И рабби Элиагу замолчал.

Шахна по-прежнему не сводил глаз с белого облака, парившего над кроватью, и ждал, когда в нем, как в волшебном зеркале, высветится ответ, который рассеет все сомнения, но ответа не было, как не было уже и самого учителя; в сумраке комнаты, где рабби Элиагу прожил больше шестидесяти лет, кроме громоздкой кровати с резьбой на спинке — целующимися голубем и горлицей, кроме дерева советов, на котором еще дрожал единственный листок, — ничего от жизни не осталось.

После посещения рабби Элиагу Шахна еще больше приуныл.

Ратмир Павлович как бы предвидел его сомнения и еще там, у костела святого Николая, прощаясь, сказал:

— Да оставайтесь, батенька, кем хотите. От вас, кроме верности в переводе, ничего не требуется. Верность и только верность. И вам воздастся. Как говорится, всем слугам по заслугам.

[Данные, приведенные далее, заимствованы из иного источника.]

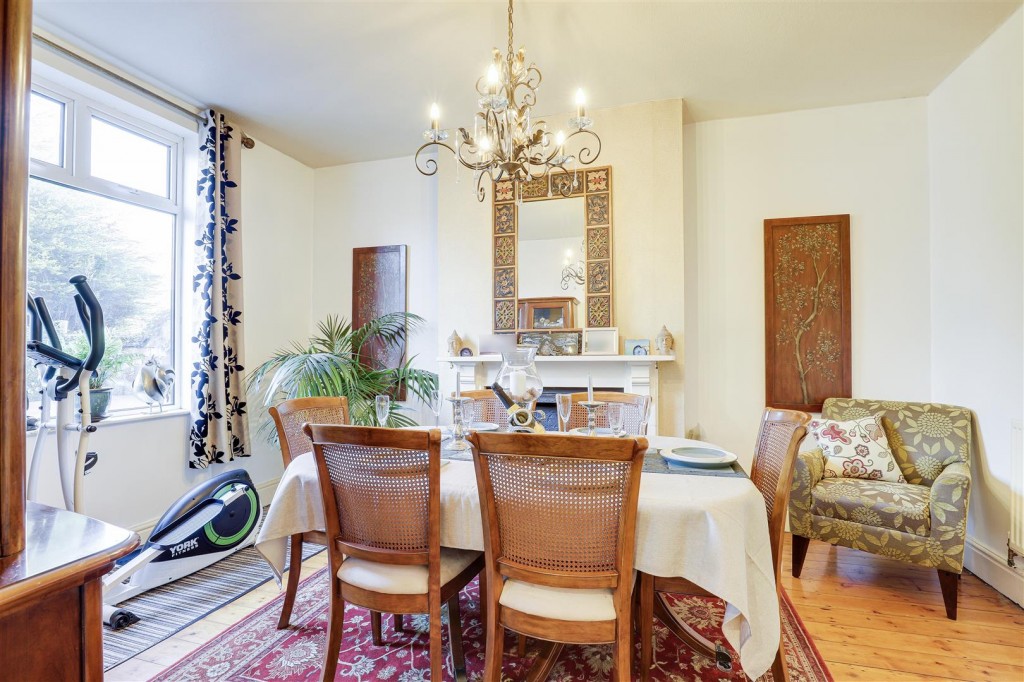 Upper Wellington Street, Long Eaton, Derbyshire, NG10 4NH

Как Шахна ни тщился, он никак не мог представить себе свои будущие обязанности. Корпеть весь день в канцелярии и переводить показания арестованных евреев. А в те дни, когда арестантов не будет? Что он тогда будет делать?

Шахна еще раньше, еще до того как Князев предложил ему должность толмача, слышал о каких-то подпольных кружках, о какой-то Еврейской рабочей партии, ему о ней и брат Гирш рассказывал и причислял себя к ее сторонникам. Он и его, Шахну, агитировал вступить в ее ряды. Но Шахна наотрез отказался. Нахватались бог весть какой крамолы, устраивают сходки, размахивают красными знаменами, что-то выкрикивают про свободу и равенство. Глупцы! Разве криком можно чего-нибудь добиться, и потом — разве мятежи устраиваются ради равенства, ради свободы, а не ради желудка? Куда они, молокососы, ниспровергатели, прут? Мало того, что живут в чужом доме, так еще стены в нем рушат.

Обуреваемый сомнениями, Шахна мысленно обращался за советом и к Юлиане. Как ни странно, но в его расчетах она занимала довольно видное место. Шахна понимал несбыточность и вздорность своих притязаний, но только они придавали смысл его невеселому и неопределенному существованию, заставляли возвращаться к князевскому предложению, когда оно, казалось, уже было им окончательно и бесповоротно отвергнуто.

Шахна искал свидания с Юлианой, свидания наедине, без свидетелей, многое с ним связывал. Он очень удивился, когда ему удалось с поразительной легкостью добиться с ней встречи.

— Приду, — сказала она. — Ждите… Только, пожалуйста, побрейтесь… Эти… как их… пейсы… вам совершенно не идут…

Он стоял под колоннами Кафедрального собора, подтянутый, в немецкой шапке, в начищенных до блеска ботинках, со сбритыми пейсами. Непривычно гладкое лицо обвевал ветер, Шахна нервно оглаживал щеки, озирался, поглядывал на каменного Моисея, подпиравшего свод собора, и завидовал себе — не изваянному, живому, грешному, к которому впервые придет на свидание женщина. И не просто женщина, а писаная красавица.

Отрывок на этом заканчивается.